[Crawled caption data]
=====

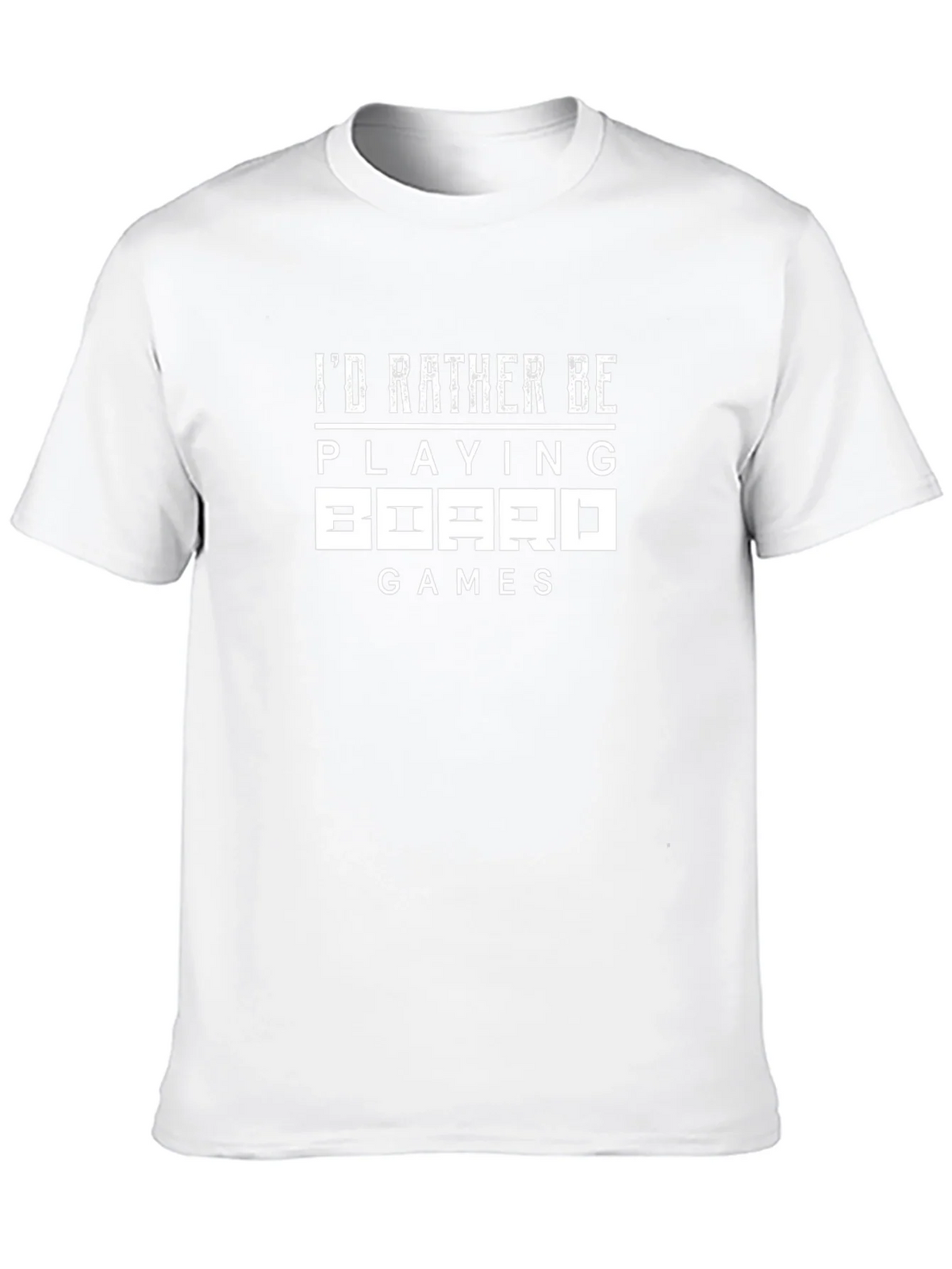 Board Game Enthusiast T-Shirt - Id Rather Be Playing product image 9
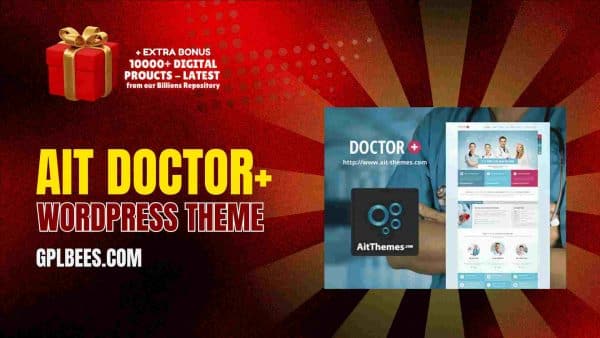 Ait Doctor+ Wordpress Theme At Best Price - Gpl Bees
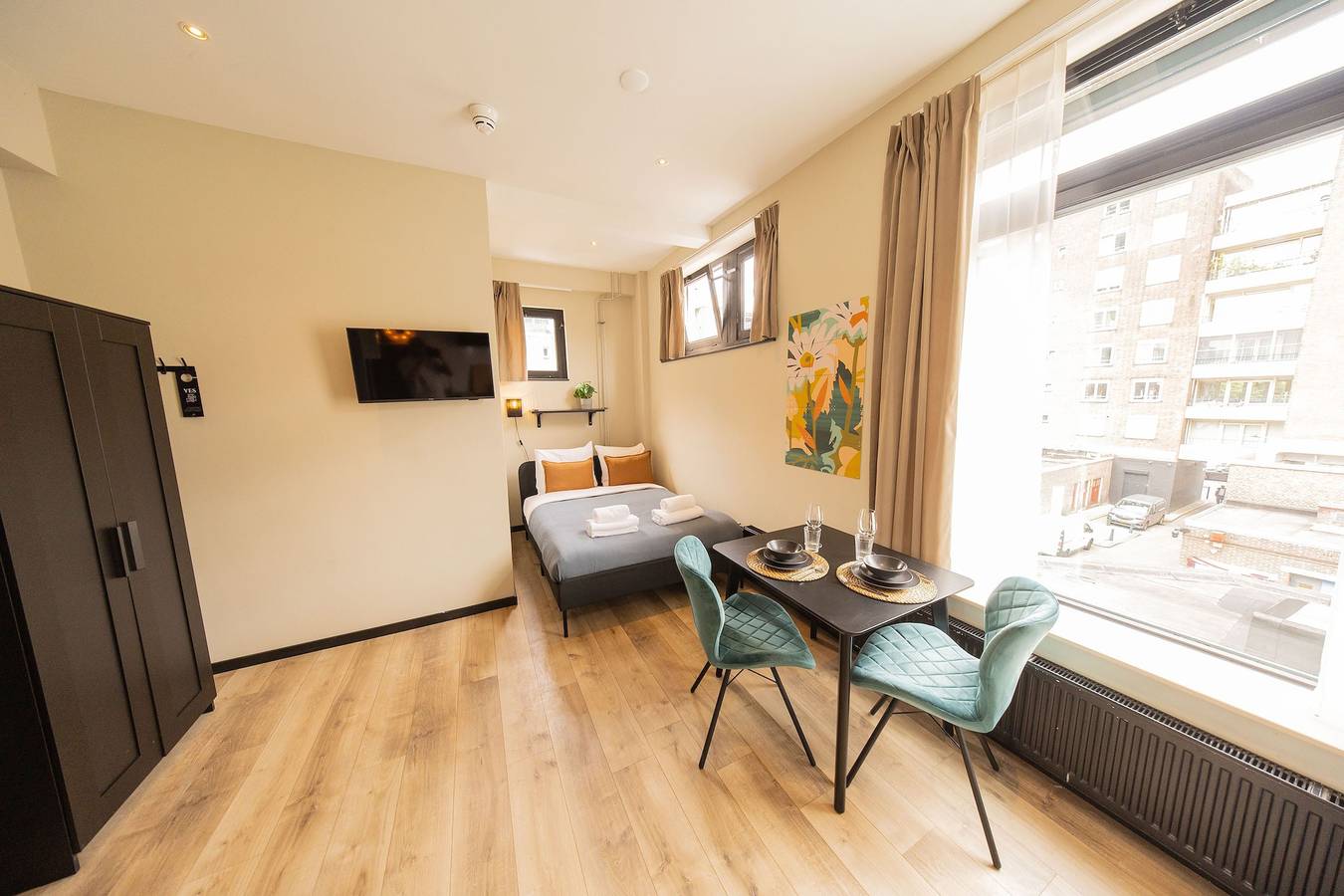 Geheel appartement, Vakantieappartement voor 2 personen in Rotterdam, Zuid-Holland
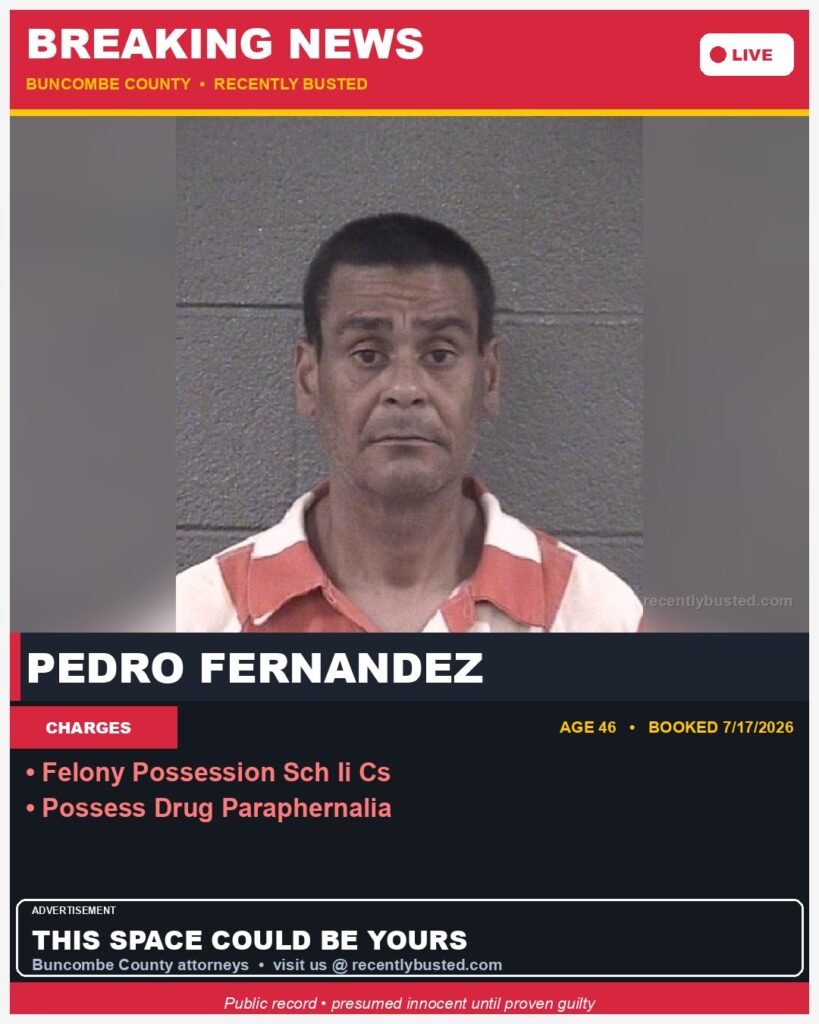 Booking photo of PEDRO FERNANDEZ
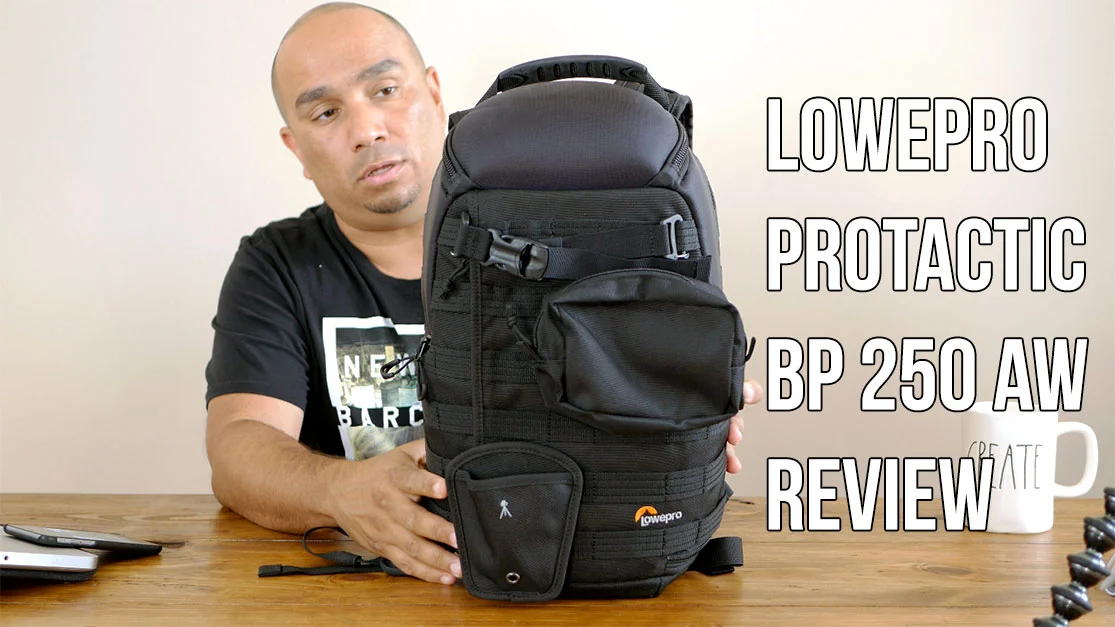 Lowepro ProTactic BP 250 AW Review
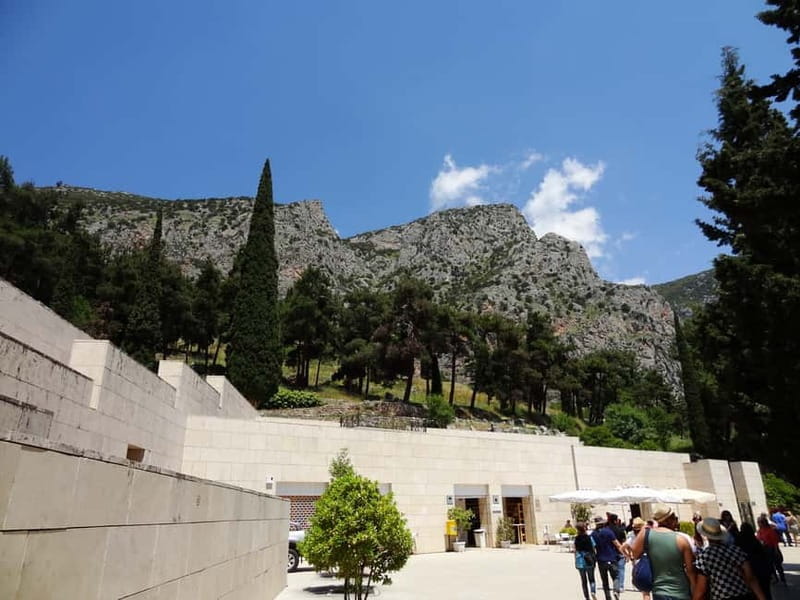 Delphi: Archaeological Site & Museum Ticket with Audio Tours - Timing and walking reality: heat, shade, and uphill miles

=====

What the task asks: From the line that holds "Geheel appartement, Vakantieappartement" to the last line of the data, return those lines exactly and nothing else; both ends count, and pictures stay out.

Finished exercise:
 Geheel appartement, Vakantieappartement voor 2 personen in Rotterdam, Zuid-Holland
 Booking photo of PEDRO FERNANDEZ
 Lowepro ProTactic BP 250 AW Review
 Delphi: Archaeological Site & Museum Ticket with Audio Tours - Timing and walking reality: heat, shade, and uphill miles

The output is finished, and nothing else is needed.